*What to produce:*
An exact transcription is needed, starting with the line that contains "Visión crítica de" and ending with the last line of the records.

[Web page caption snippets]

────────

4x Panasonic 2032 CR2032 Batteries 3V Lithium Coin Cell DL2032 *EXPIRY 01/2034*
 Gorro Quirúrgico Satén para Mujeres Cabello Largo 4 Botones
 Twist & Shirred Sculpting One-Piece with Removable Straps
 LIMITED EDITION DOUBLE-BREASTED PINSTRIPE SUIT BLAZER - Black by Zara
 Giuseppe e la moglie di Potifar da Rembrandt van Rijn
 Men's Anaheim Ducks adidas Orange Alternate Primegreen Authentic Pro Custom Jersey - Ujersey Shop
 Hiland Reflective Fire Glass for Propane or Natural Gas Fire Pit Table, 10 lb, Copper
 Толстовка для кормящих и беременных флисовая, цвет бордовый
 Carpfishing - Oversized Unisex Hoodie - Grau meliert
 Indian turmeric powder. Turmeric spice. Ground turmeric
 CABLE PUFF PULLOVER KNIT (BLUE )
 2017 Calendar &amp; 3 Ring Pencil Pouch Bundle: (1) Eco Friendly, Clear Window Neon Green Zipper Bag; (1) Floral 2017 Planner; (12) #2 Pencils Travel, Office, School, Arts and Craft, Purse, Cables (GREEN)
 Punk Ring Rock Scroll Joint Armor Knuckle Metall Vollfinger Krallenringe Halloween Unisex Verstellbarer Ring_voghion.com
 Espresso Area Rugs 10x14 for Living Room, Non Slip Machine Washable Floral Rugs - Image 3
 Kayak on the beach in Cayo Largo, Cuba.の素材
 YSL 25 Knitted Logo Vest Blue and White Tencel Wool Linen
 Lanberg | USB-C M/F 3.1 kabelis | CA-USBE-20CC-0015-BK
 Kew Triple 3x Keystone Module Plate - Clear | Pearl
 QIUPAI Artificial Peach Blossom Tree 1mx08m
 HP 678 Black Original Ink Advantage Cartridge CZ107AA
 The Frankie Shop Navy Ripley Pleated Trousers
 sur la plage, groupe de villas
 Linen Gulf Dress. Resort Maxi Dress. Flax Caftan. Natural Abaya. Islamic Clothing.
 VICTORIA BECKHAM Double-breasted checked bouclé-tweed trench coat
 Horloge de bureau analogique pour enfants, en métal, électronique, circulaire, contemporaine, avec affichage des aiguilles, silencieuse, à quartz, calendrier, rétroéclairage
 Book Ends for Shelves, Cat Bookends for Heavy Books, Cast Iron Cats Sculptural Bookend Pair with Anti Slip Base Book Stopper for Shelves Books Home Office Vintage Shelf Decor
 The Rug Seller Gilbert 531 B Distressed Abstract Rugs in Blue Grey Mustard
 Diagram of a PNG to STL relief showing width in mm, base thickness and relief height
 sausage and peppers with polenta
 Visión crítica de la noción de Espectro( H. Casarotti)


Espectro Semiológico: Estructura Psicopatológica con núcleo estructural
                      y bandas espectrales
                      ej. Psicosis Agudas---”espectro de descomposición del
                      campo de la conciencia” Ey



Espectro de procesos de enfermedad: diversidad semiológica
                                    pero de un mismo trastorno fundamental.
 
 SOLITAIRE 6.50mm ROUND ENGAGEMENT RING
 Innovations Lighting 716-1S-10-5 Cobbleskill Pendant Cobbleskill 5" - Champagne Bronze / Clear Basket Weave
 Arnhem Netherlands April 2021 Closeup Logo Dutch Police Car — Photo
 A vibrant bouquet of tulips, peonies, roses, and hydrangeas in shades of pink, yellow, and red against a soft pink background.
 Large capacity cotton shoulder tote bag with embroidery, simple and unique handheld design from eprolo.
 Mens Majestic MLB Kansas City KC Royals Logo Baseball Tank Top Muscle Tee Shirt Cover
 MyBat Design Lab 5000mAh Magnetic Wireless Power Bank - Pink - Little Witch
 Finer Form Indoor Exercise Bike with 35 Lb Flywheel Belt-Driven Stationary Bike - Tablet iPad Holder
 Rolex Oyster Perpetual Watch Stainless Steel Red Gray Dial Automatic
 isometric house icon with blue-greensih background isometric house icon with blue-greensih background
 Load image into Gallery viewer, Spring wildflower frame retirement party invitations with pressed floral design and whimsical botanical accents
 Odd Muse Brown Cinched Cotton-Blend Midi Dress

────────

*Response to the task:*
 Visión crítica de la noción de Espectro( H. Casarotti)


Espectro Semiológico: Estructura Psicopatológica con núcleo estructural
                      y bandas espectrales
                      ej. Psicosis Agudas---”espectro de descomposición del
                      campo de la conciencia” Ey



Espectro de procesos de enfermedad: diversidad semiológica
                                    pero de un mismo trastorno fundamental.
 
 SOLITAIRE 6.50mm ROUND ENGAGEMENT RING
 Innovations Lighting 716-1S-10-5 Cobbleskill Pendant Cobbleskill 5" - Champagne Bronze / Clear Basket Weave
 Arnhem Netherlands April 2021 Closeup Logo Dutch Police Car — Photo
 A vibrant bouquet of tulips, peonies, roses, and hydrangeas in shades of pink, yellow, and red against a soft pink background.
 Large capacity cotton shoulder tote bag with embroidery, simple and unique handheld design from eprolo.
 Mens Majestic MLB Kansas City KC Royals Logo Baseball Tank Top Muscle Tee Shirt Cover
 MyBat Design Lab 5000mAh Magnetic Wireless Power Bank - Pink - Little Witch
 Finer Form Indoor Exercise Bike with 35 Lb Flywheel Belt-Driven Stationary Bike - Tablet iPad Holder
 Rolex Oyster Perpetual Watch Stainless Steel Red Gray Dial Automatic
 isometric house icon with blue-greensih background isometric house icon with blue-greensih background
 Load image into Gallery viewer, Spring wildflower frame retirement party invitations with pressed floral design and whimsical botanical accents
 Odd Muse Brown Cinched Cotton-Blend Midi Dress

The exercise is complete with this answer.